Et l'on a vu... une sacrée performance de Jo Deseure, l'une de nos plus grandes comédiennes, trop discrète, magnifique, le regard jonglant avec les deux grands écrans placés dans les loges d'avant-scène, qui lui projetaient le texte. Il fallait bien quelqu'un de cette trempe-là pour sauter en un jour dans les pas de Jacqueline Bir, une altière présence, une voix grave, bien timbrée, une précision technique imparable et, plus incroyable, une implication scénique réelle. On applaudit !
Ce ne fut sans doute pas simple pour ses partenaires, en particulier Van Dam, de retrouver la complicité établie avec Bir, le contact, sans toujours capter le regard, d'où ce flottement un peu perceptible dans le jeu en début d'acte, mais il retrouvera son rythme au fil de la pièce, un Van Dam davantage acteur que chanteur – quelques notes, quand même !
Les voilà donc ces deux vampires de plus de 500 ans, en réveil dans leur manoir après un siècle d'hibernation. Ils se chamaillent, ils s'aiment, et ils mourront ensemble. Même s'ils faisaient cercueil à part. Ils ont besoin de sang frais pour se régénérer. Et le domestique (parfait Bruno Georis) a bien du mal à le leur fournir : les temps ont changé, les humains sont devenus inconsommables, trop de bio dans leur assiette ! Et le sang synthétique, c'est pas ça !
Les deux vampires découvrent la civilisation, le TGV qui traverse leur domaine, la tablette, le GSM qui joue la musique de Mozart, celui qui avait prédit à Van Dam qu'il deviendrait un magnifique baryton. Si si, c'est dans le texte !
Et voilà qu'un metteur en scène fait irruption avec son assistante (Angelo Bison, déchaîné, grandiose, et Aurelia Bonta, toute jeune comédienne) pour tourner une comédie musicale sur Dracula... On ne vous dévoile pas la suite, elle est mouvementée, et révèle des facettes plus humaines de nos héros décadents.

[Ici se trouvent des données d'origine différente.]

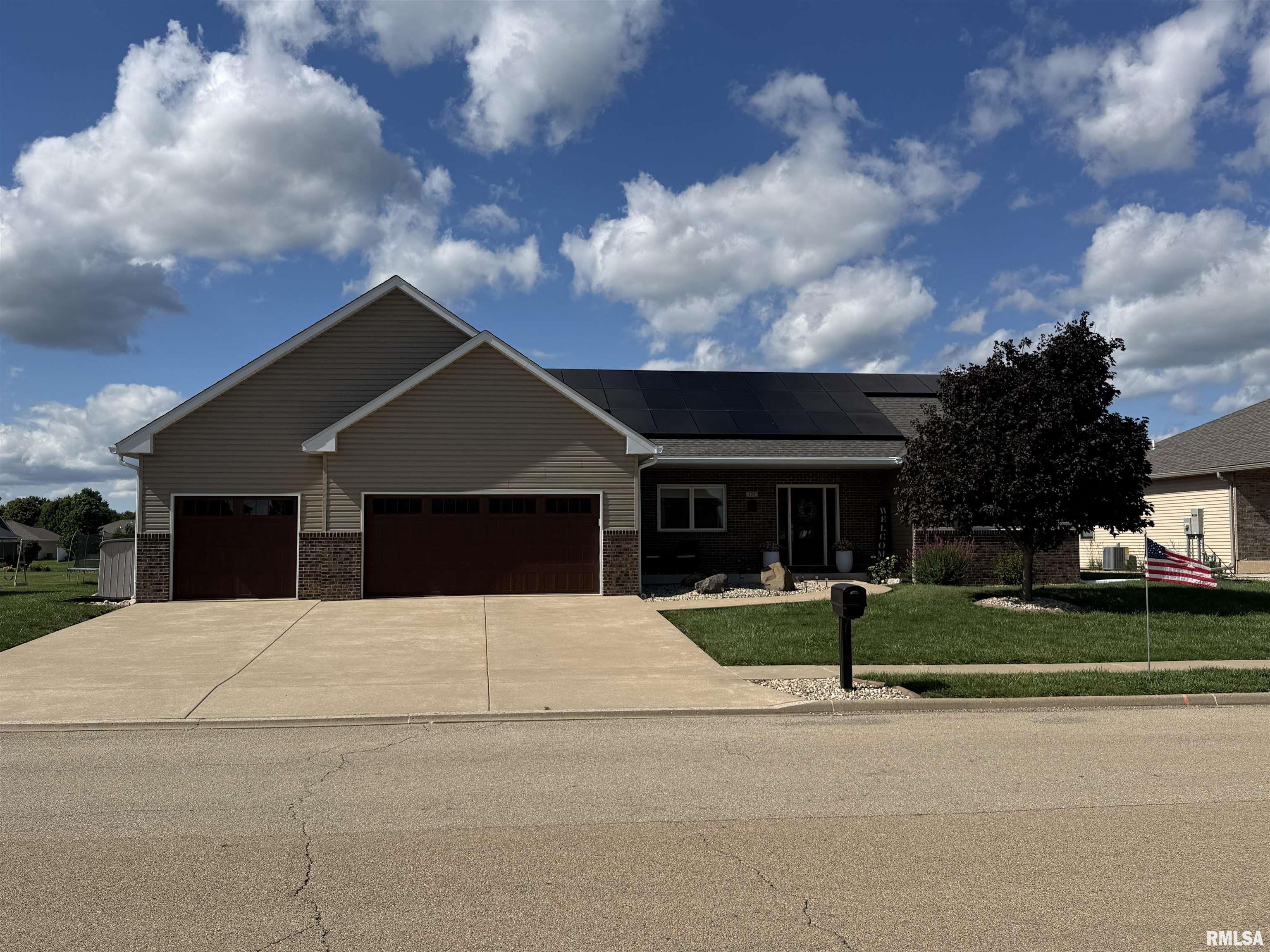 Luxury Home for sale at 125 W Margarete Street  in Tremont Illinois!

Ce n'est sans doute pas la pièce la plus ambitieuse de Thierry Debroux, mais une comédie truffée de bons mots, de quiproquos comme l'auteur sait en trousser, un terrain de jeu pour des acteurs. Et il est dommage que dans un décor assez convenu (De Coster et Kleinermann, plus inspirés dans les costumes et perruques), la mise en scène sage de Monique Lenoble ne leur permette pas plus de fantaisie.